Vous savez préserver vos intérêts. Vous comprenez que l’affect et l’habitude (de travailler avec un partenaire) n’ont pas leur place dans vos décisions stratégiques. Vous êtes resptueux et poli dans votre communication, y compris dans votre gestion des conflits.
Vous restez humble : tout ce que vous faites, c’est raconter des histoires. Vous savez que le talent, pour autant qu’il existe, ne saurait se substituer au travail. Vous n’attendez pas l’inspiration, vous ne vous enflammez pas pour une page particulièrement réussie. Vous savez que seule compte votre persévérance: un mot après l’autre, une page après l’autre. S’ils sont bons, le seul intérêt, c’est que vous aurez plus de temps pour retravailler les autres.
Vous préférez les résultats tangibles aux promesses en l’air, les ventes à la reconnaissance critique, parce qu’un lecteur qui achète vos livres, c’est la seule mesure objective de la valeur de votre travail. Votre ego aime les lauriers. Vous le laissez profiter des accolades, mais vous les laissez pas vous distraire. Le lendemain, vous êtes à nouveau au travail.
Vous êtes un auteur professionnel, vous prenez plaisir à écrire et à publier. Et ceci est votre manifeste. Il servira de socle à mes communications à venir.

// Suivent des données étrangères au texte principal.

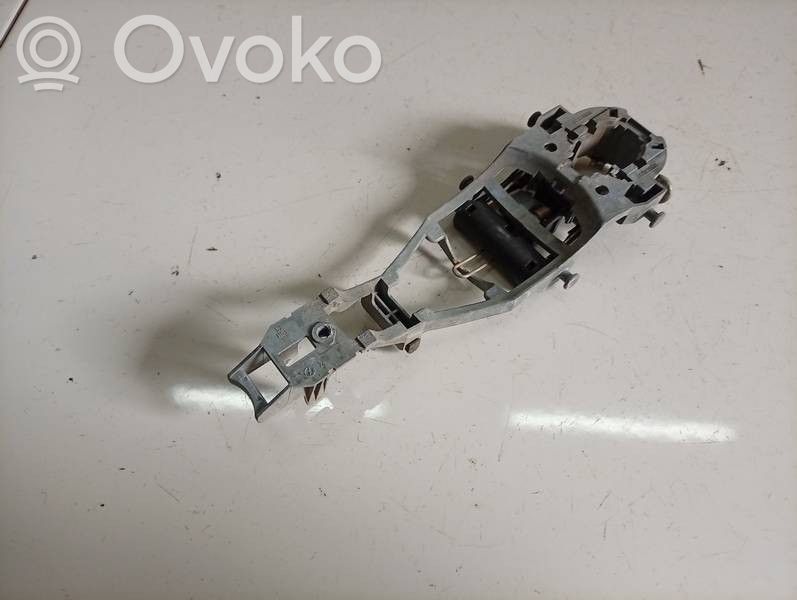 Volkswagen Golf V Poignée extérieure de porte avant
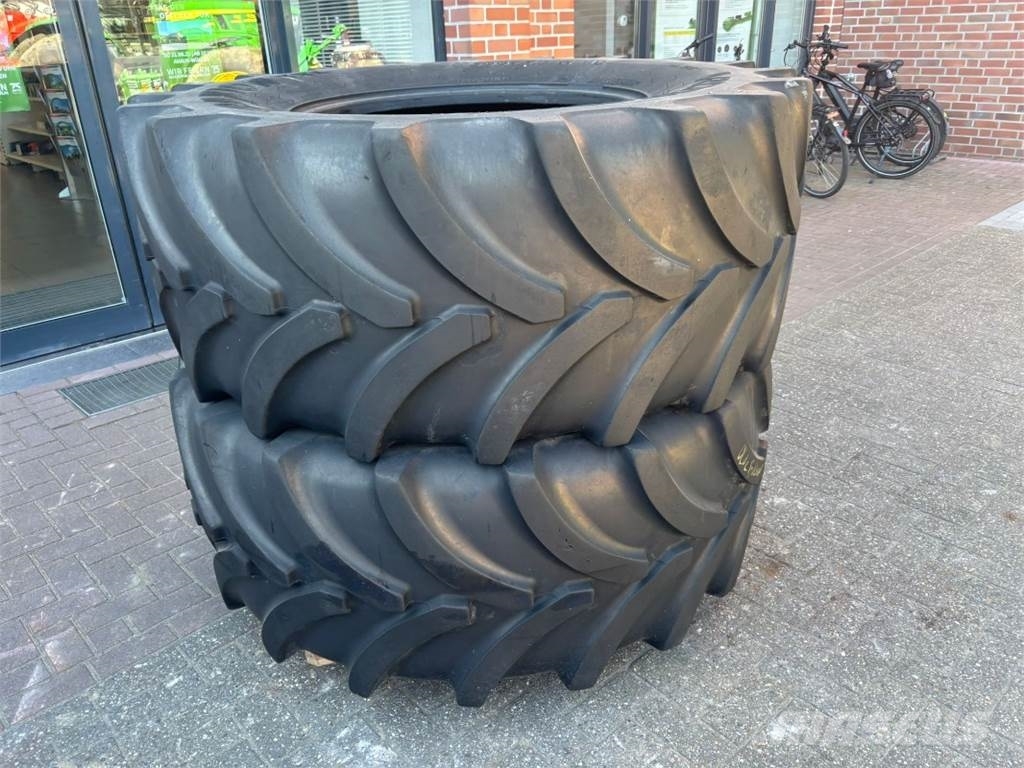 Vredestein 710/70 R42 + 600/70 R30 Tyres, wheels and rims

Si vous écrivez juste pour le plaisir d’écrire, si vous aimez avoir une pratique légère, sans pression, comme un hobby ou un loisir, je vous encourage à continuer, mais vous risquez de ne pas vous reconnaître dans mes emails, mes billets, mes ateliers.
Votre vision
Dans trois à cinq ans, vous êtes devenu l’auteur que vous rêvez d’être. À quoi ressemble votre vie ? quand écrivez-vous (précisément) ? qu’écrivez-vous ? qu’avez-vous publié ?
Prenez le temps de répondre, en quelques paragraphes simples, directs, et gardez cette vision sur votre bureau. C’est votre boussole. Elle peut bouger, mais l’essence, elle, se maintiendra.
Cet exercice est moins un exercice de projection qu’une manière d’entendre ce qui est déjà là. Vous savez quel auteur vous souhaitez devenir. Vous savez aussi que vous n’y êtes pas. Et il peut être difficile (parce que, Hello, c’est le découragement!) de formuler votre aspiration. En déplaçant cette question dans le futur, vous enlevez une partie de la peur et des doutes.
Prenez le temps de définir votre vision, c’est une alliée indispensable dans votre parcours. Ensuite, demandez-vous, chaque jour, quelle action simple vous pouvez poser pour vous rapprocher de sa réalisation.
Une progression d’un % par jour suffit pour vous amener à vivre votre ambition plus tôt que vous ne l’imaginez aujourd’hui.